Many Georgia drivers assume that going 5 or 10 mph over the speed limit really is not that big of a deal. However, when a vehicle strikes a pedestrian, every mile per hour counts, and speed is only one of the factors that affect how serious the pedestrian’s injuries will be.

According to the Insurance Institute for Highway Safety, the first problem with driving faster is that it increases the likelihood of a crash. Not only that, though, the force of the blow is much, much higher when the vehicle is moving at what most drivers may consider to be a relatively safe speed. A pedestrian is at a 10% risk of sustaining a severe injury when the vehicle is moving at 17 mph. At 25 mph, that increases to 25%, and at 33 mph, it is 50%.

Different vehicle designs will have an effect on the severity of the injuries, too, as well as the height of the pedestrian. For example, an SUV is more likely to strike an adult somewhere on the upper body, while a smaller car may hit the knees or legs. A young child is likely to sustain the most severe injuries.
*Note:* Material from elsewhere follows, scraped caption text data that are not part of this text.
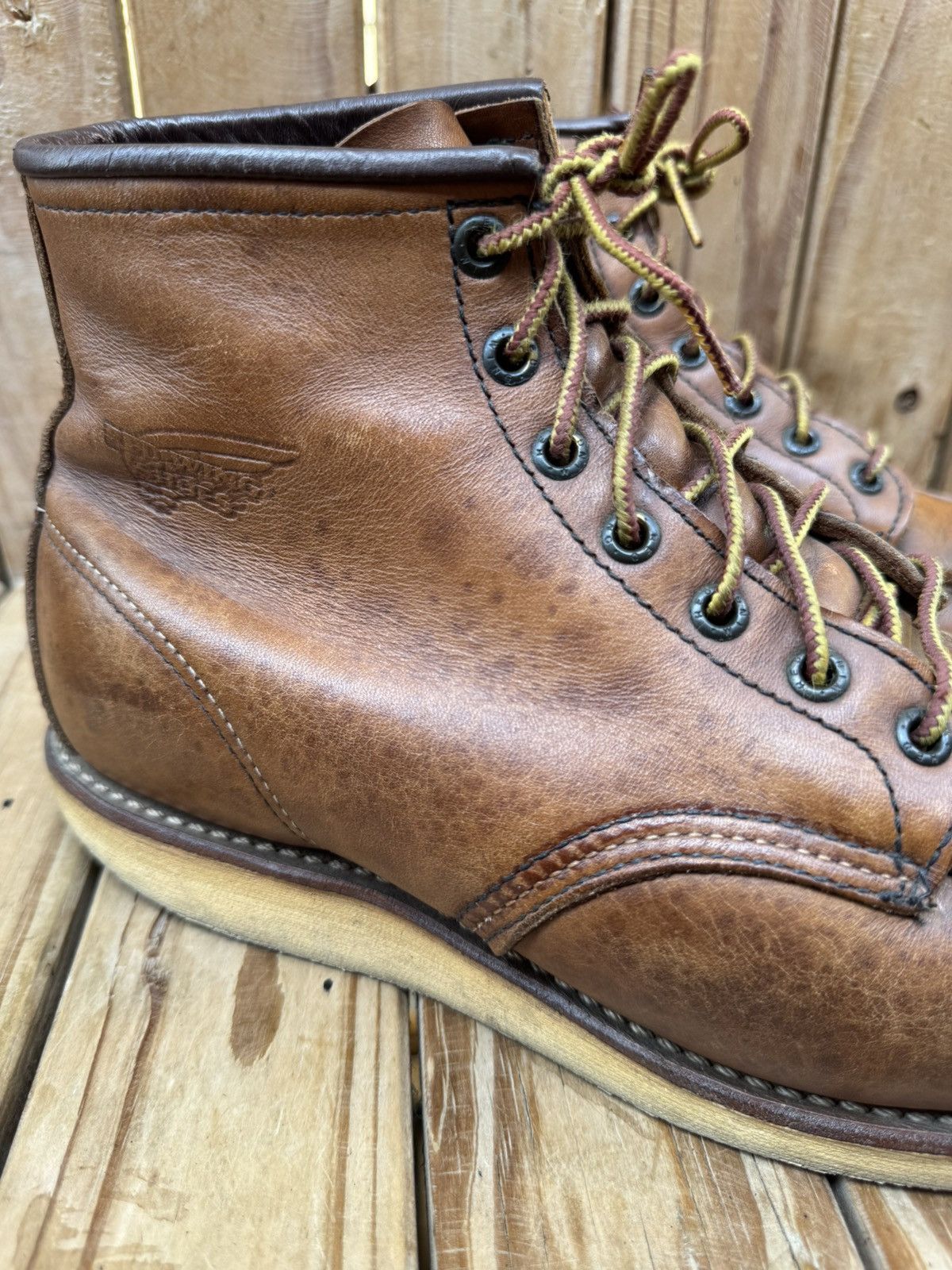 Red Wing Red wing 875 brown Moc Toe Leather boots sz UK 8 US 9 E Size US 9 / EU 42 - 13 Thumbnail
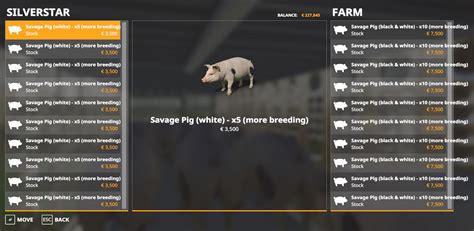 Tierarten Savage Pig Pack V11 Fs19 Landwirtschafts Simulator 19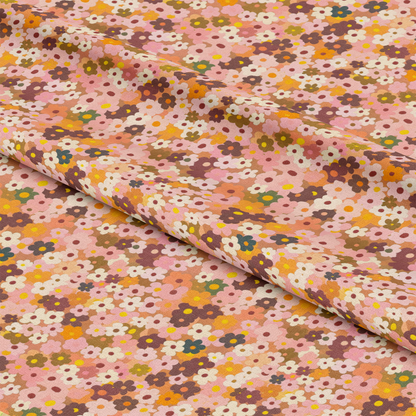 70s Retro Flowers Pattern 6 Quilting Cotton Fabric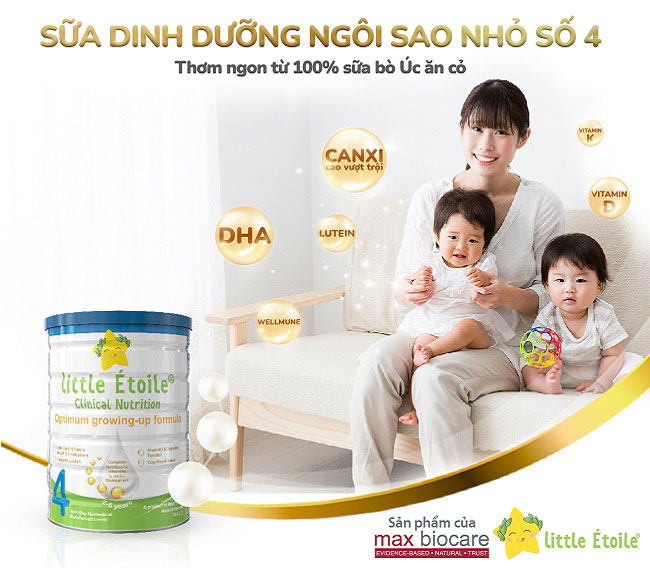 Sữa Ngôi sao nhỏ Little Étoile số 4 lon 800g cho trẻ từ 2 tuổi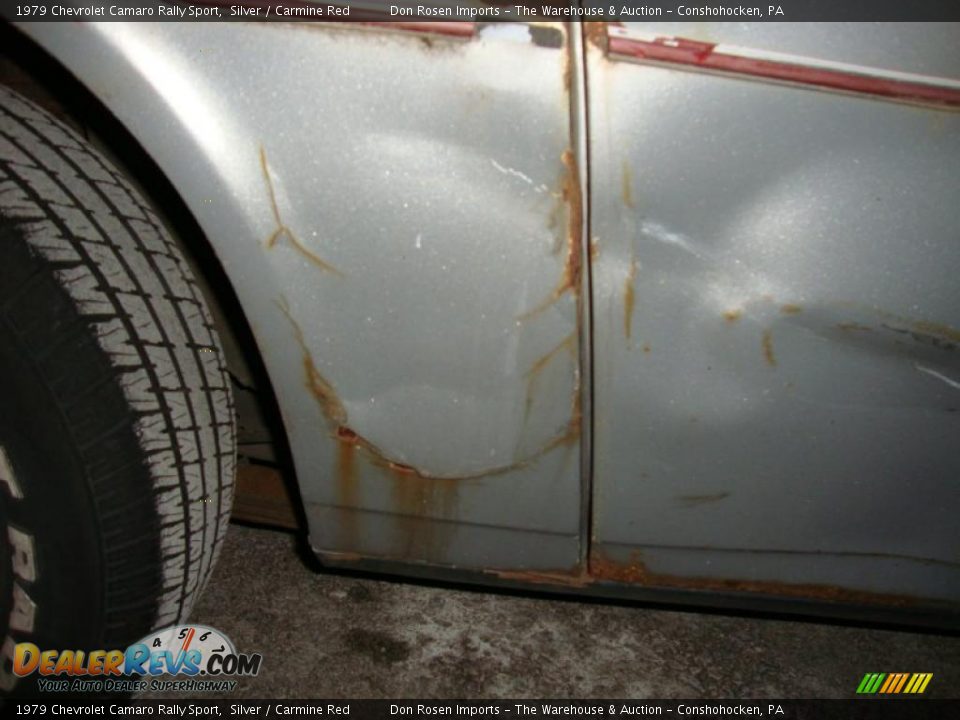 1979 Chevrolet Camaro Rally Sport Silver / Carmine Red Photo #20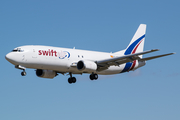 Swiftair Boeing 737-476(SF) (EC-MFE) at  Sevilla - San Pablo, Spain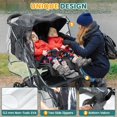 thumbnail image 2 of Cubierta impermeable universal y transpirable para cochecito doble IvyWind, 2 of 6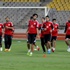 المنتخب يتدرب على ملعب ' ساحق ريال مدريد '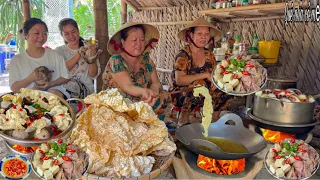 Lẩu Bò Thập Cẩm Đậu Hủ | Món Ngon Mẹ Nấu Cho Các Con Ăn Nơi Quê Nhà || Mixed beef hotpot
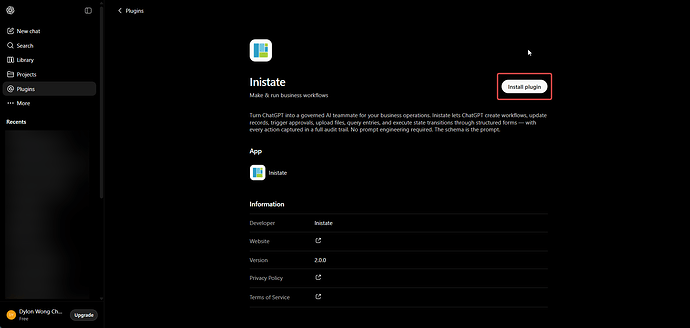Inistate Plugin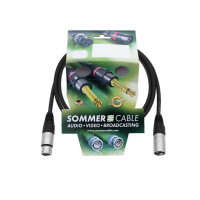 Sommer Cable XLR cable 3-pin 1.5m sw Neutrik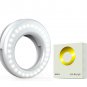 QIAYA Selfie Light Ring LED CircleLight Cell PhoneCamera Photo Video Lighting Clip On Rechargeable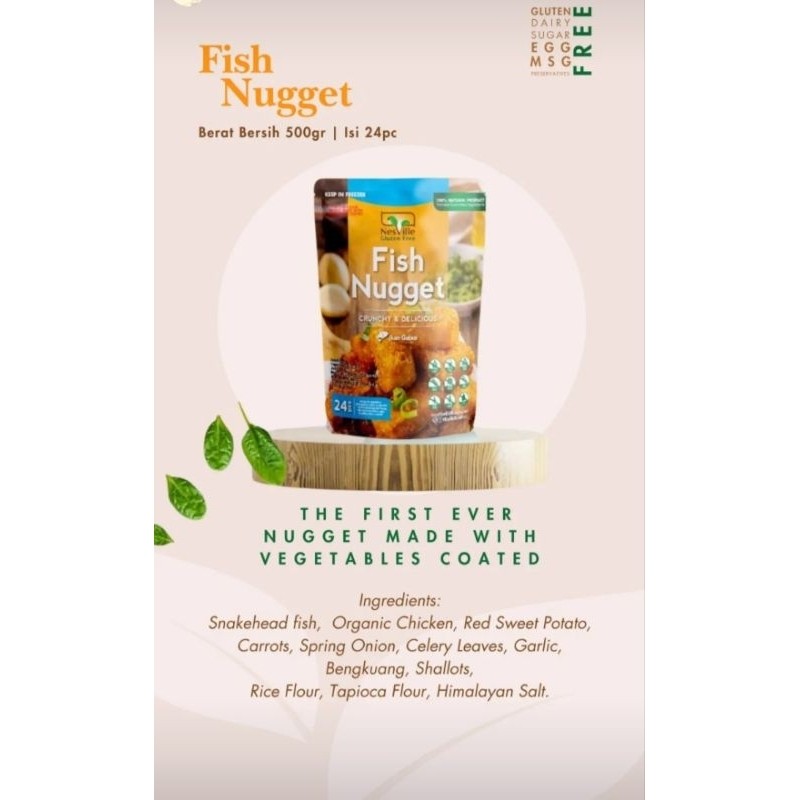 NESVILLE - NUGGET IKAN / FISH NUGGET GLUTEN FREE IKAN GABUS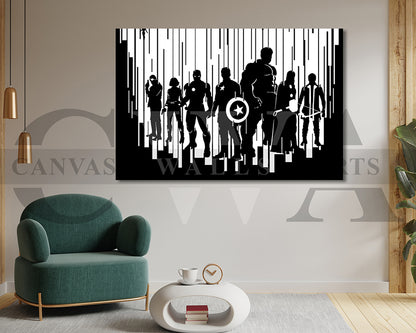 The Avengers Canvas Wall Art Abstract Movie Poster Print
Whether a vehicle is traveling at 5 or 50 mph, pedestrians need to do everything they can to minimize their chances of being hit. Constant vigilance is crucial, says the National Safety Council. People on foot should never assume that a driver sees them, even if they are crossing with the light in a marked crosswalk at an intersection. The NSC recommends making eye contact with the driver before stepping off the curb. To improve visibility and reduce the chances of a car accident, pedestrians should wear bright colors, carry a flashlight at night, avoid being in vehicle blind spots and, if possible, cross the street in groups.